DIRECTIONS FOR THIS TASK:
Return the data below in full and exactly, except that the pictures are dropped.

─── MATERIALS PROVIDED

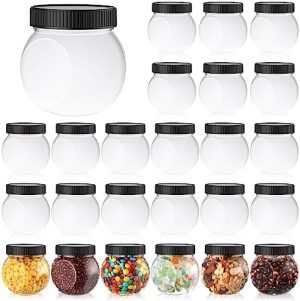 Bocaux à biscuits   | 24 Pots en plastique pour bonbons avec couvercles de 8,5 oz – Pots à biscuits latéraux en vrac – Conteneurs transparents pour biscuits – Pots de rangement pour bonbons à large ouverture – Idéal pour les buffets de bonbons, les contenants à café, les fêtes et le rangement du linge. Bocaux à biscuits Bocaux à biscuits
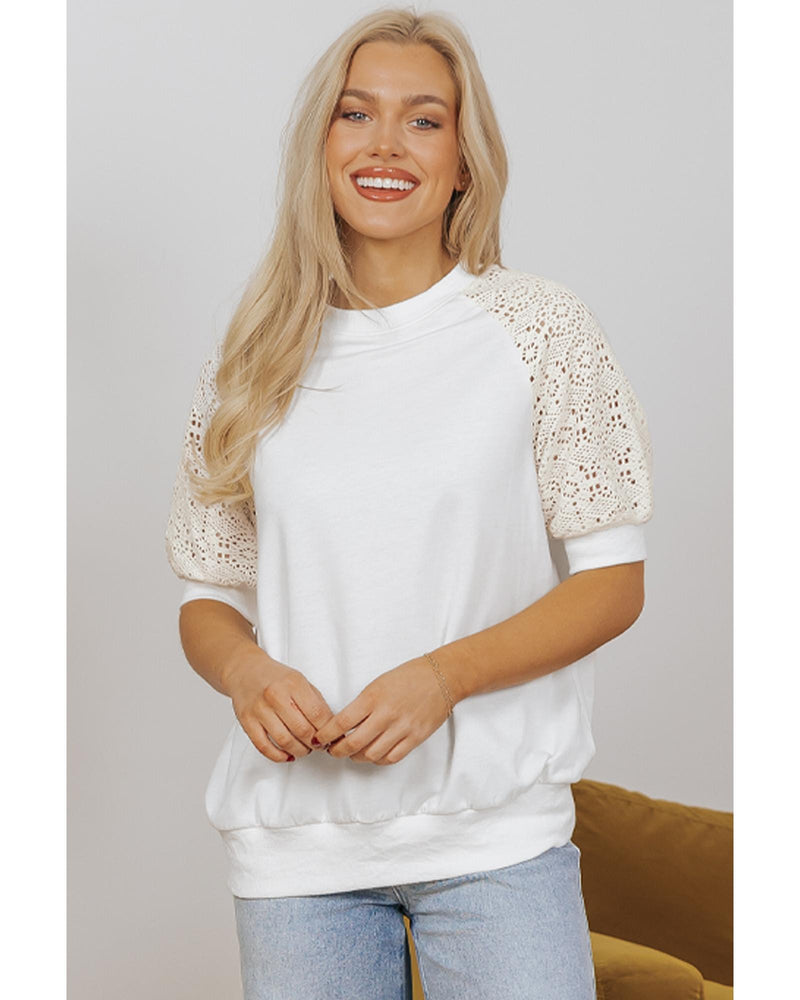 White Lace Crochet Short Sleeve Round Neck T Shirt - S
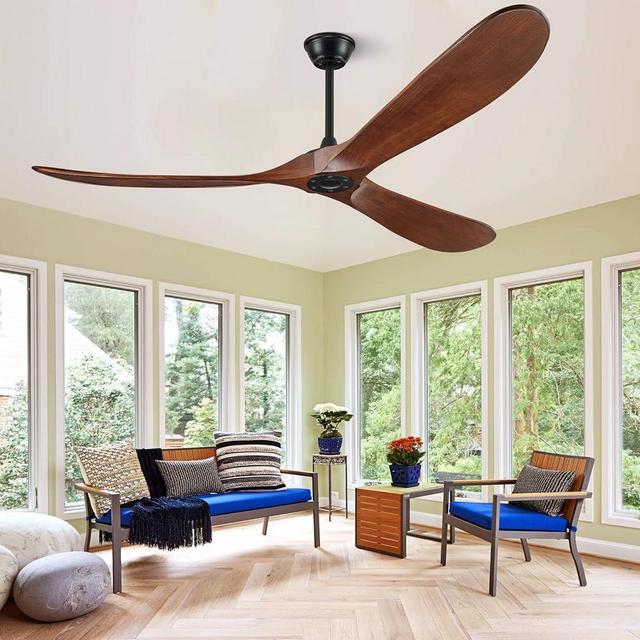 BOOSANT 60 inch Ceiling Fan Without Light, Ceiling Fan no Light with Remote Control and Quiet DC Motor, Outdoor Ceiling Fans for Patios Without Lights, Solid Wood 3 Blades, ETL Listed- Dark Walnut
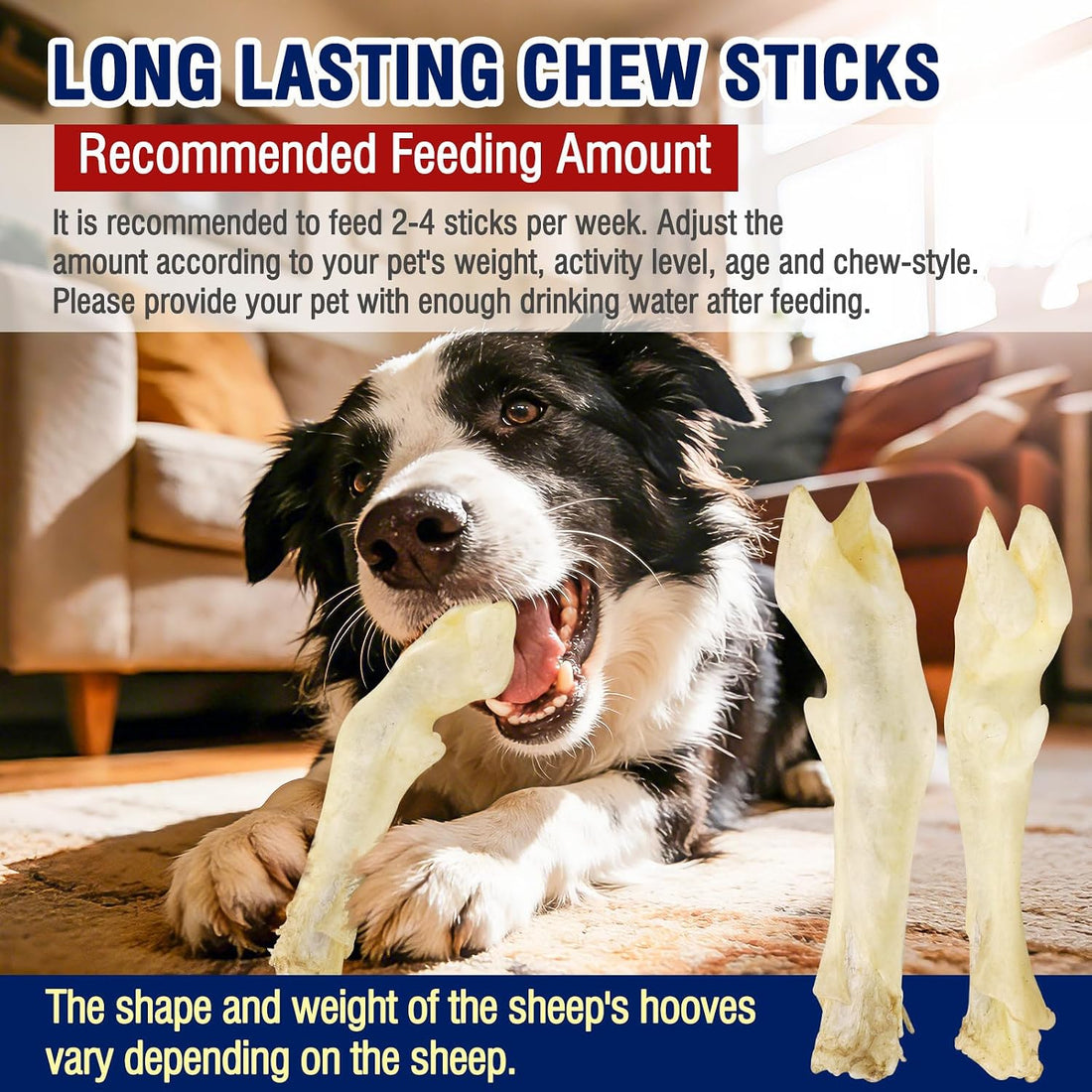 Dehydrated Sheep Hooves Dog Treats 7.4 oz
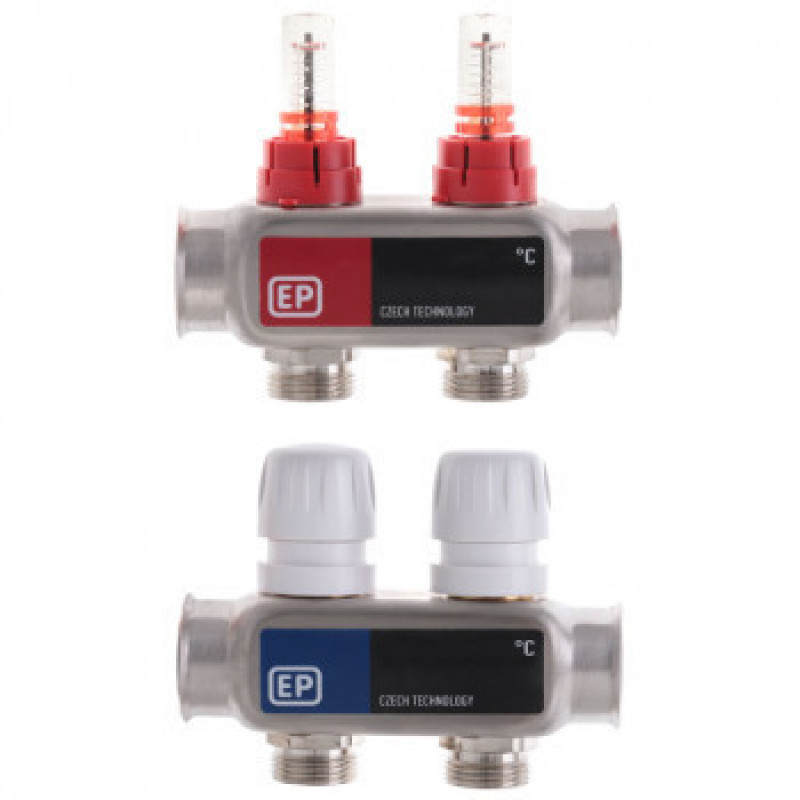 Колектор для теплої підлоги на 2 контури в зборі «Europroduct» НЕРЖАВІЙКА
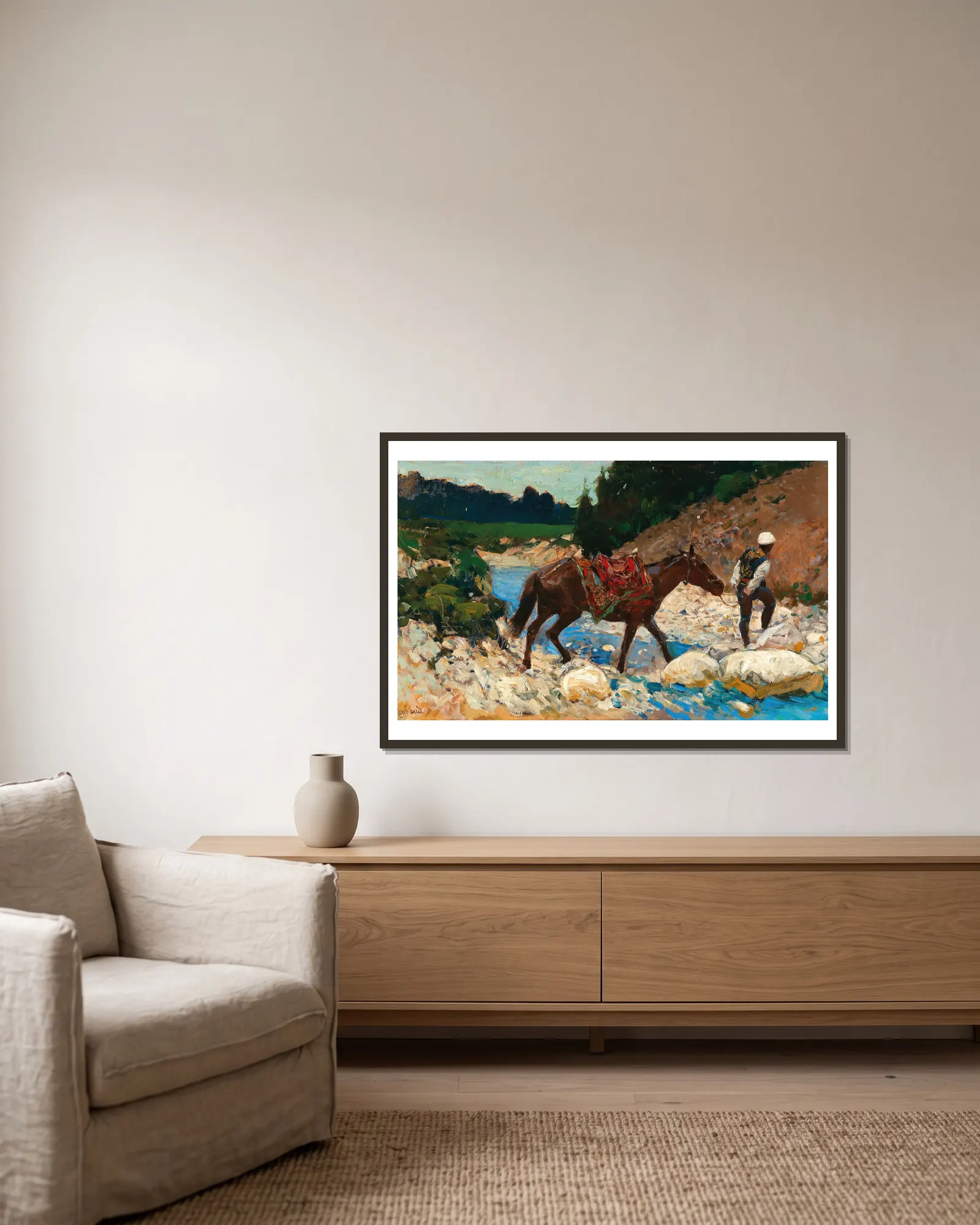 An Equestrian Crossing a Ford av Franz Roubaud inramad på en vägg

──────

ANSWER SPACE:
 Bocaux à biscuits   | 24 Pots en plastique pour bonbons avec couvercles de 8,5 oz – Pots à biscuits latéraux en vrac – Conteneurs transparents pour biscuits – Pots de rangement pour bonbons à large ouverture – Idéal pour les buffets de bonbons, les contenants à café, les fêtes et le rangement du linge. Bocaux à biscuits Bocaux à biscuits
 White Lace Crochet Short Sleeve Round Neck T Shirt - S
 BOOSANT 60 inch Ceiling Fan Without Light, Ceiling Fan no Light with Remote Control and Quiet DC Motor, Outdoor Ceiling Fans for Patios Without Lights, Solid Wood 3 Blades, ETL Listed- Dark Walnut
 Dehydrated Sheep Hooves Dog Treats 7.4 oz
 Колектор для теплої підлоги на 2 контури в зборі «Europroduct» НЕРЖАВІЙКА
 An Equestrian Crossing a Ford av Franz Roubaud inramad på en vägg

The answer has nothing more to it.